Still puzzling, Paul opened the newssheet to its second and third pages. Then he saw it

By some apparent freak mishap, the printer had failed to bring out the printing on these two pages otherwise than as an unreadable blur, except for one item as small as the front-page item Paul had just frowned over. That one stood out as if framed.

DRONE LOST

The Complex-Major today noted the Information that one of its Springboard drones, carrying automatic terminal receiving equipment to the planet known as New Earth, fourth world of the star Sirius, has suffered a malfunction of the directing system and been lost in space. This drone, which three days ago was noted as being in position to land shortly on New Earth, apparently missed its landing and has fallen beyond that planet under conditions of movement which win carry it out of the Sirian system. There can be no hope of reestablishing contact, notes the Complex-Major, or of recovery of the drone.

Paul dropped the newssheet and, spinning about, strode swiftly back into the farther room. Seizing a tool like a chisel, he attacked the plastic weld around the rim of the circular end wall. The plastic peeled up under his gouging and a thin edge of the metal was revealed. He forced the chisel edge in under the edge of the revealed metal. For a moment there was resistance, and then the chisel plunged through. There was a sudden whistling insuck of air past Paul's hand, the plastic weld cracked loose halfway around the rim, and the lower half spanged sharply on a deep bass note. Before Paul's eyes a horizontal crack ran across the metal, and the lower half of it broke clean from the top and fell into the room.

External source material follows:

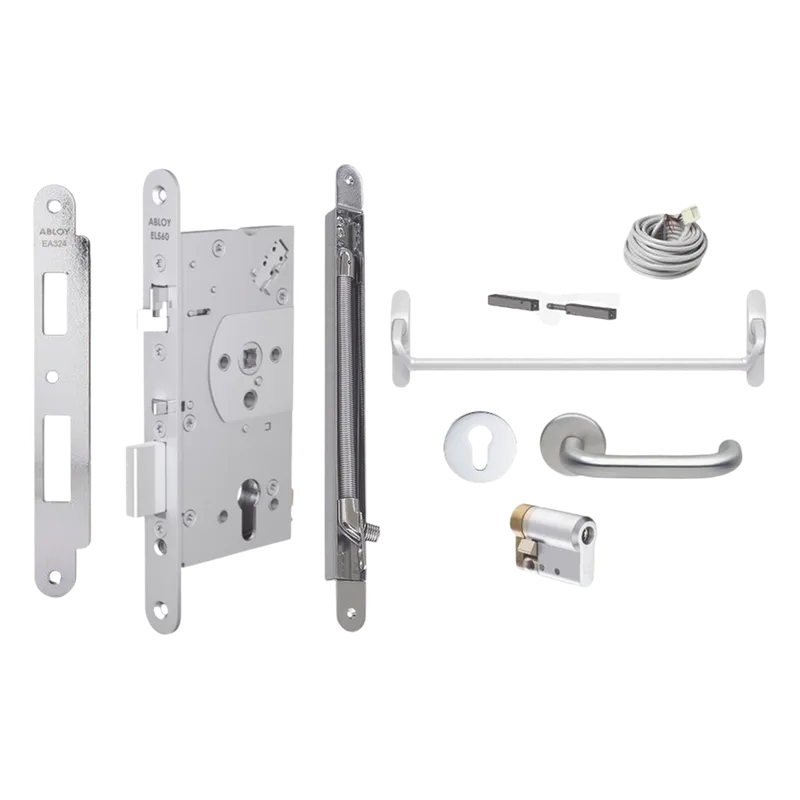 KIT DE CERRADURA EL460 ABLOY EL460KITSYS145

Paul caught it. It was a thin sheet of light magnesium alloy. He bent it inward and laid it flat on the floor. Then he stepped one step forward and looked out, through heavy glass.

Before him was a rolling landscape under a slightly yellowish sky, an atmosphere hazed with fine dust. Something like tiny, close-packed fern leaves covered the ground and grew thickly and a little larger about an occasional boulder or outcropping of granitic rock. Farther back were low, broad trees whose trunks and limbs looked as if they had been shaped out of dark, twisted cable. The brilliant white points of two Ao-type stars, so close they seemed at the moment to be swimming into each other, peered burningly through the dust haze and made the illumination for the day outside.

From the sight of these and the landscape they lighted - a landscape rich in promise for the yet infant science of terraforming - Paul had no difficulty making the connection between his present location and one of the worlds described in popular articles as destinations for the Springboard drones.

The double star in the sky out there could only be Sirius and its close companion. Which meant that this was New Earth, and the message of the newssheet the Supe had sent him was clear. Paul, and this drone in which he found himself imprisoned, had been deliberately and officially "lost" from the records.